Liquid Apartment Lending Market Sees Conduits Rising

Commercial mortgage-backed securities lenders are gaining market share in the apartment market as Fannie Mae, Freddie Mac and the life insurance companies have been less active  than during the same time last year.  "The agencies have become more active after starting the year slowly," said Faron Thompson, international director in JLL's capital markets group. "Borrowers have more choices than they've had since 2007. There are a number of different programs and a complete smorgasbord of opportunities."

There were about $706 million of new apartment loans in the first half of 2014 - about 2% less than during the same period in 2013. But Fannie Mae, Freddie Mac and the life insurance companies have seen their volumes drop about 13% year-over-year, according to a new report from JLL, citing data from the Mortgage Bankers Association. CMBS Lending volumes are about 19% higher.

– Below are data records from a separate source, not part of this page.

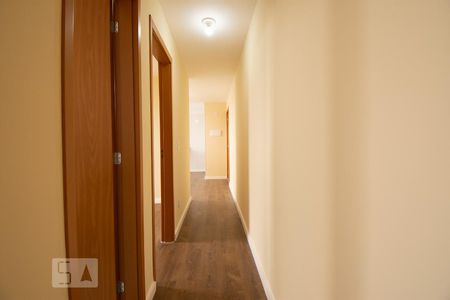 corredor de apartamento à venda com 2 quartos, 44m² em Jardim Iris, São Paulo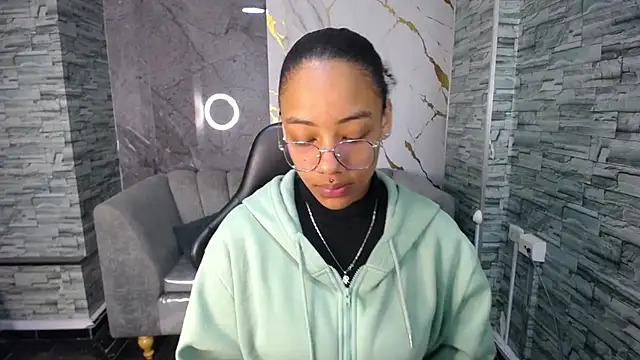 Snapshot of Violeth_b chatting on 10.13.25 Violeth b online show from 10.13.25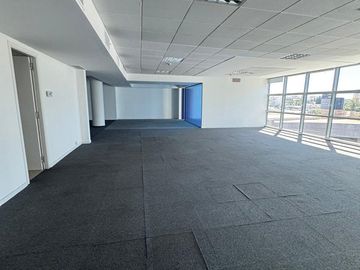 VENTA OFICINA PREMIUM CAPITALINAS CORDOBA 180M2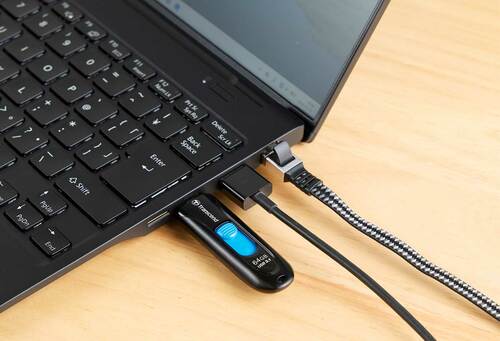 【接続性】HDMIや有線LANなど接続性は完璧！ 小型ノートPCおすすめ イメージ3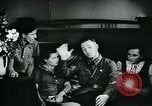 Standbild Sowjetischen Piloten Rammte einen deutschen Bomber spricht mit seiner Familie über es Sowjetunion, 1941, aus Sekunde 35 historischem Filmmaterial Videoclip 65675038623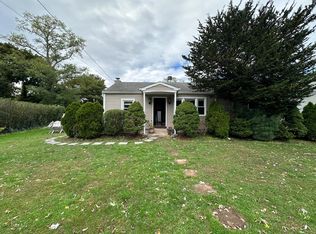 (Undisclosed Address), Huntington Station, NY 11746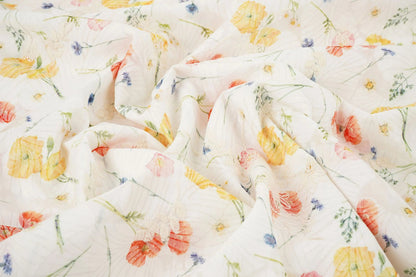 Image de tissu en coton brodé - fleurs d'été 115 g/m² – disponible chez Šarlotes audumi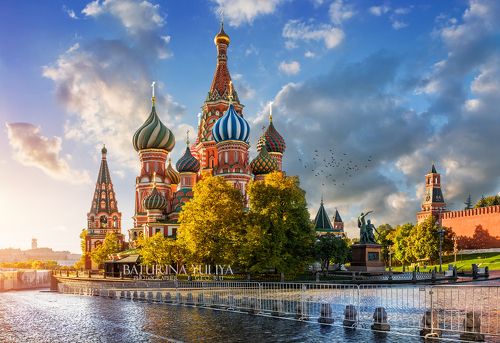 Собор Василия Блаженного в облаках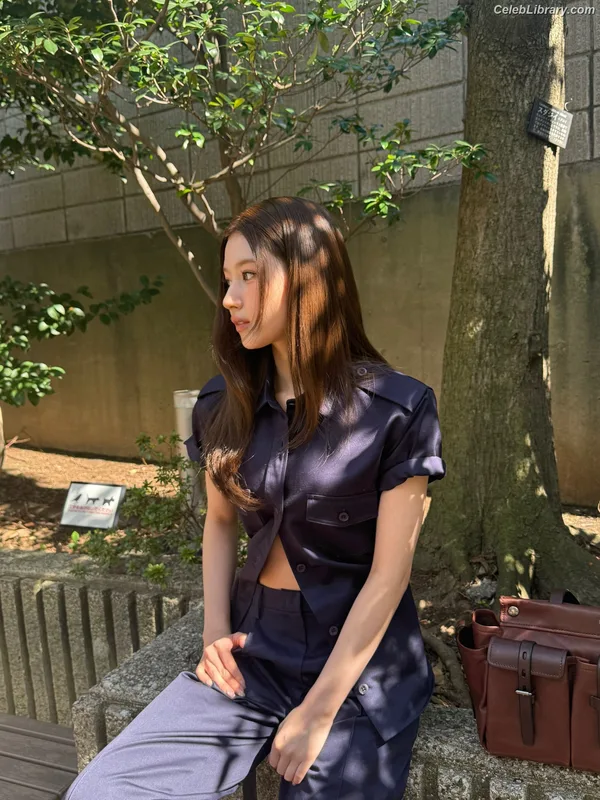 Minatozaki Sana (TWICE) photo 5 of 1069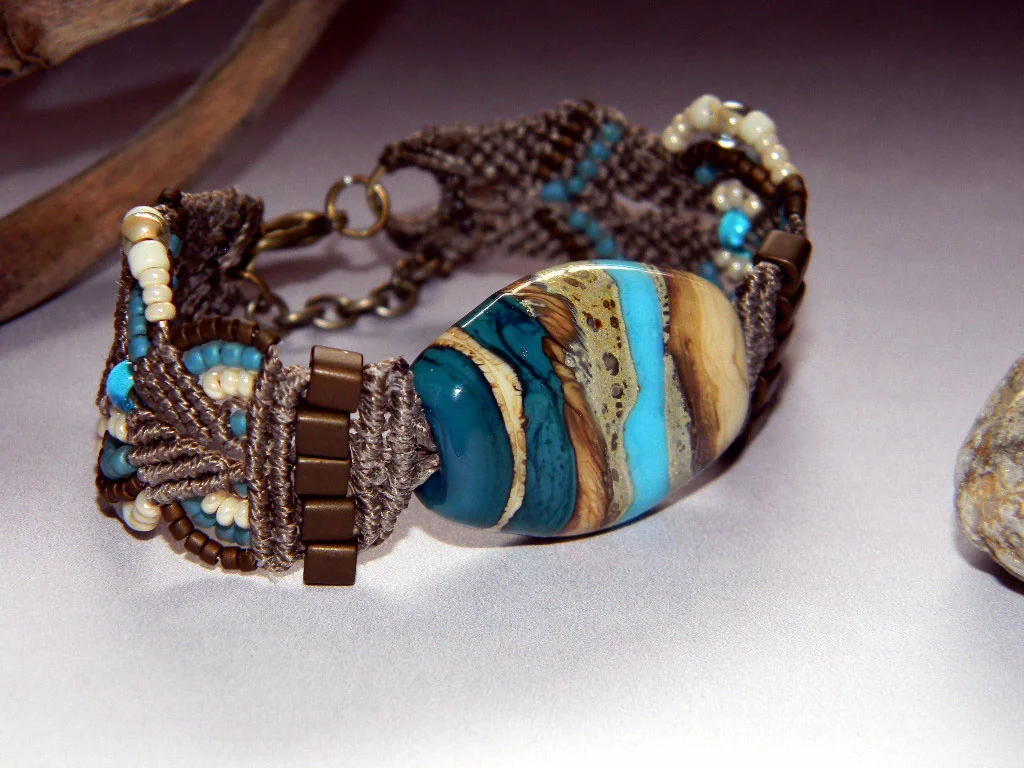 micro macrame 013.jpg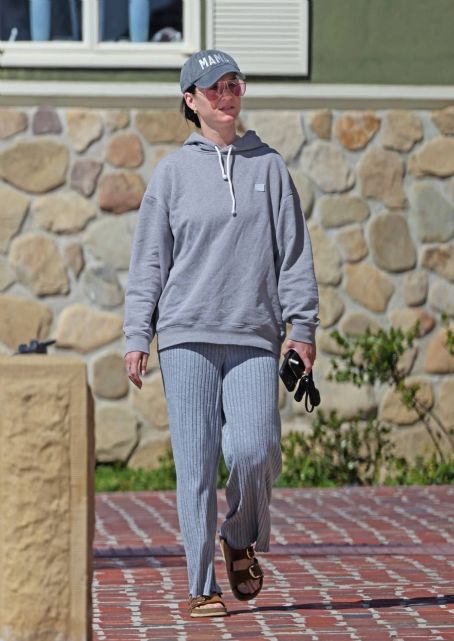Katy Perry – Shopping candids in Montecito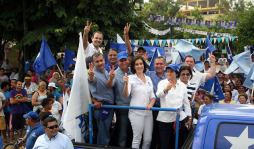 Entusiasmo despierta la caravana azul de Ricardo Álvarez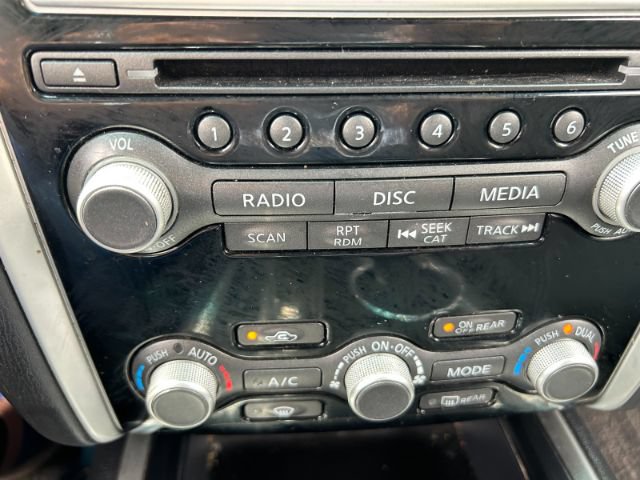 Used 2018 Nissan Pathfinder S AWD/4WD image 18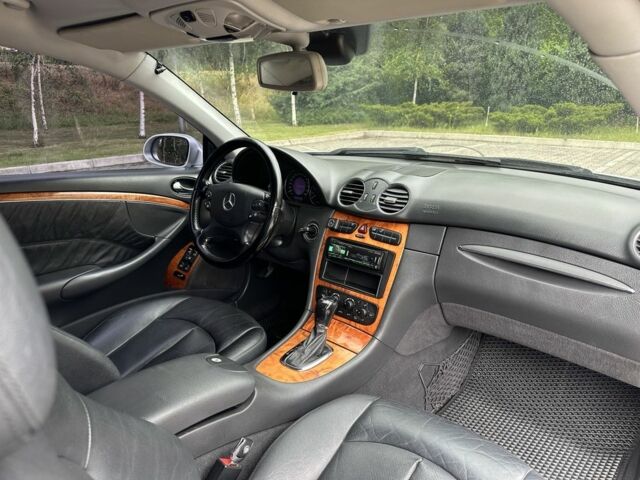 Серый Мерседес CLK-Class, объемом двигателя 1.8 л и пробегом 270 тыс. км за 5400 $, фото 14 на Automoto.ua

Although Fannie Mae and Freddie Mac had a slow start to the year, this changed after Mel Watt to the reins of the Federal Housing Financing Agency in February. Watt succeeded Ed DeMarco, whose tenure was marketed by curtailing lending efforts with the aim of making Fannie Mae and Freddie Mac smaller and smarter. "[Watt] wanted Fannie Mae and Freddie Mac to make smart loans and well underwritten loans. He was not trying to put them in a volume box or keep them from responding to the market's needs," Thompson added.

Market participants have observed that in recent months, the GSEs have worked hard to be more competititve with the conduits. Dan Lisser, principal and senior managing director at Johnson Capital, observed that the GSEs became more aggressive when restrictions under DeMarco, such as reducing portfolios by 10% annually, were lifted. "For borrowers, [the liquidity] will continue to keep cap rates low as they can get attractive financing," Lisser said. "It will be very good for sellers as well, as they will see great pricing."

Peter Donovan, a senior managing director at CBRE, told REFI he is not surprised to see the increase in competition from the agencies. "I think they're doing it in a disciplined way," he said. "I dont like the word 'aggressive,' because I don't see it as a bad thing. This is not 2006 or 2007, where underwriting has seemed to go a little too far. It's always been fairly compeititive, but in a healthy way."

Thompson noted that earlier this year, CMBS pricing was almost in line with the GSEs. "But right now, agency pricing is anywhere from 15 to 35 basis points tighter. The gap has widened again," he added, noting that gSEs offer a product that is more customized that the so-called "cookie cutter" CMBS loans.

Ray Potter, founder of New York-based advisory company R3 Funding, illustrated. In March, the firm was working to arrange a loan on a portfolio of Class B apartments in Gates, NY, that was shopped to CMBS and GSE lenders. At that time, the CMBS lender was the aggressive. But three months later, the same borrower was looking for a loan on six similar properties in the same area. This time, a Freddie Mac lender offered termes that were much more aggressive, including a four-year interest-only period and a spread that was 20 bps tighter. "It was a pretty easy decision to go with the Freddie Mac lender - there was more IO, more proceeds and a tighter spread," he added.

There continues to be a divergence between the type of borrowers that CMBS lenders and GSEs are looking for. CMBS lenders tend to offer higher pricing and pursue smaller borrowers, Donovan noted. Both groups of lenders, however, are similar in terms of client base and execution. That means increased competition from Fannie Mae and Freddie Mac may affect borrowers in small ways, such as providng another year of interest-only or a particular structure that is more effective, he added.

On the syndicated lending side, the GSEs are about 20 basis points cheaper than the bank market right now. "But if you compare teh syndicated loan product to Fannie Mae and Freddie Mac, it's very different. The execution is more like a CMBS loan, whereas we are floating-rate, three- to five-year lender," Galligan said.